The Celtics had a chance at history, but fell short. And they have nobody to blame but themselves.
At home in a Game 7 with a shot to be the first NBA team to ever overturn a 0-3 series hole, the Celtics spit the bit. Miami blew them out 103-84, and made their own history — as only the second No. 8 seed to ever reach the NBA Finals.
Whatever momentum the Celtics should’ve carried over from their stunning Game 6 victory they squandered through their shoddy play. They didn’t move the ball, didn’t run off the ball, and their season-low in scoring led to a season-ending loss.
Boston had the home-court advantage. Better health. More talent.
But talent isn’t enough.
Teamwork, temperament and toughness trumped it on Monday night in TD Garden. Witness Jimmy Butler and Caleb Martin.
Playoff Jimmy is Miami’s leading scorer and spiritual leader. A year earlier to the day, the Heat had lost a heartbreaking Game 7 in the same building. But on Monday, the Heat showed how much they learned and flipped the script.
“They made us get better. Last year was extremely painful. We thought about it all season long,” said Miami coach Erik Spoelstra. “And if you don’t have an opponent like that to bring it to a different level, sometimes you don’t get there.”
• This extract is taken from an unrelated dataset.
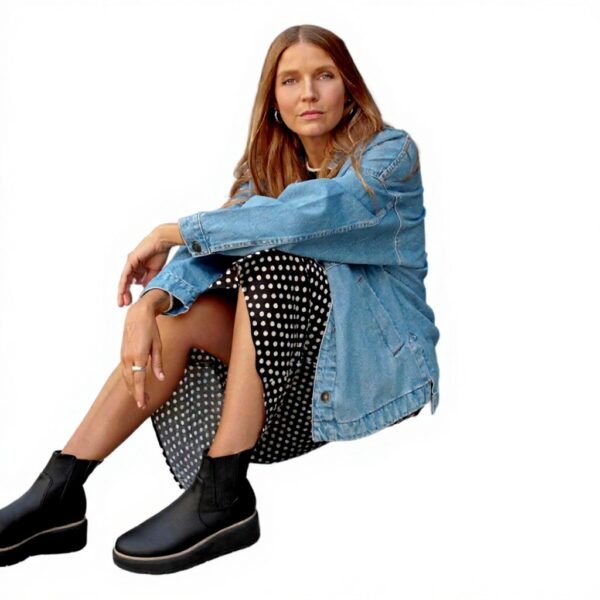 Dr Scholls Womens Nice Day Max Slip on Loafer Black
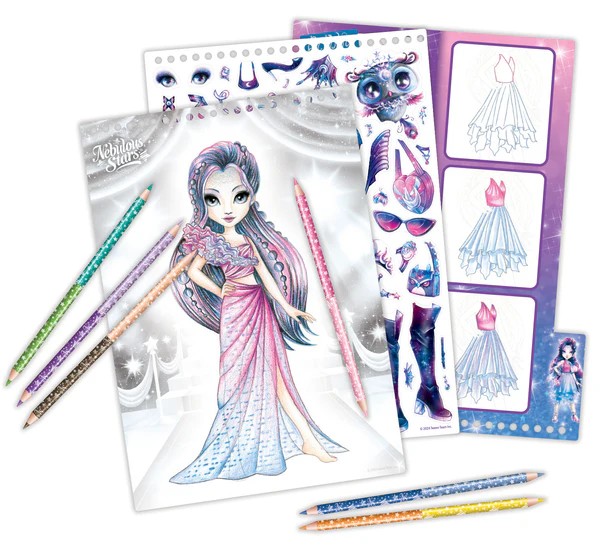 Nebulous Stars – Sketchbook – Astral Ball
They say familiarity breeds contempt. But in this budding rivalry it has bred classics. In 14 games over the last two playoffs, the road team has won 10 — including the Heat taking Games 1, 2 and now 7 in Boston.
“I learned that I have to be better, and I will be better,” Butler had vowed after last year’s Game 7 loss. “We had enough. Next year, we will have enough and we’re going to be right back in the same situation, and we’re going to get it done.”
They did exactly that. Just like Butler had promised a year earlier, and just like he’d guaranteed after their stunning fraction-of-a-second Game 6 loss in Miami, saying “we’re going to go in there and get it done.”
Butler had a game-high 28 points, seven rebounds, six assists and three steals in the ultimate gut-check, winning the Eastern Conference MVP Trophy renamed, ironically, for Boston icon Larry Bird. And he tormented Bird’s former team.
Martin, part of the Heat’s cadre of undrafted finds, could just as easily have been the series MVP. He had 26 points, a team-high 10 rebounds and hit 4-for-6 from behind the arc, Miami’s most consistent player throughout.
After not playing a single second in last year’s Game 7, he was invaluable. He got matched up on Jayson Tatum and Jaylen Brown, and was stout defensively. Yes, Tatum was less than 100 percent, turning his left ankle on the game’s first possession; but Miami has played without both Tyler Herro and Victor Oladipo. It is what it is.
The Celtics are clearly the more gifted roster, but Joe Mazzulla was outcoached several times during the playoffs and the Eastern Conference Finals was a mismatch. Boston missed its first 12 3-pointers, but Mazzulla never found a way to get them cleaner looks. They just repeated the same contested lazy attempts, expecting different results.
Asked what had gone wrong, Mazzulla said “We shot 21 percent from 3; the defense was still there.” Asked if the Celtics had become too reliant on the 3-point shot, and does that have to change, he tersely replied “No.”
It remains to be seen if this Celtics roster looks different next year. Their attitude, teamwork and temperament — coming from the top down — should.